But the 20-year-old doesn't see it that way. And his attitude about this week's camp -- which included its feature Blue-Orange scrimmage before 5,172 fans at Nassau Coliseum Thursday -- is one more reason why Strome is the Isles' best and brightest prospect at the moment.
"This year may be even more important to show you're head and shoulders above the rest of the guys here," Strome said. "In previous years it was important to stand out, but this year, you really want to show you're capable of playing at that next level and, I don't want to say better, but a stronger player than some of these guys."
Strome is well into his summer workouts as he tries to become a stronger player, one who can win puck battles along the wall at the NHL level. He has a good workout partner back home in the Toronto area. This is the second summer Strome has been working out with Isles star John Tavares.
"We've been going for about six weeks now, going hard. It sounds cheesy, but I can't be more thankful for what he's done for me," Strome said. "It's unbelievable how much he's taken me under his wing, provided me every opportunity to learn, to get better. Everything from diets to the gym, on the ice -- it's been fantastic.
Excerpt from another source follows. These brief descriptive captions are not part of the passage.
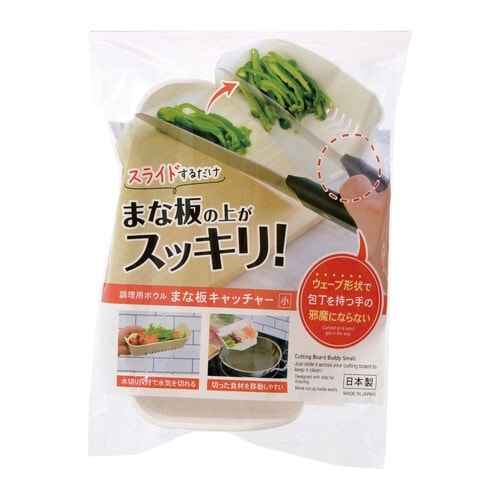 まな板 受け皿 小 まな板キャッチャー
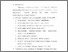 [thumbnail of Bab 5.pdf]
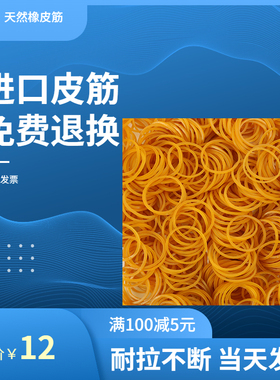 森川橡皮筋高弹力黄色彩色办公收纳环保牛皮筋捆菜橡皮筋特细红色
I'm really looking forward to these last six, eight weeks, because I think I can grow even more."
Strome set up Long Beach native Joey Diamond for the opening goal in the scrimmage and ended the night with a goal and two assists. He got a taste of the pro game last season, playing the final 10 games with Bridgeport. He had two goals and five assists, then spent time as a "black ace" with the Isles' playoff taxi squad.
He'll be fighting for a roster spot with fellow prospect campers Anders Lee and Brock Nelson, both of whom have an edge in age and experience.
"You look at guys like Nelson, [Johan] Sundstrom, who worked their tails off and have a shot now," Strome said. "You can learn from every situation. Nothing is given."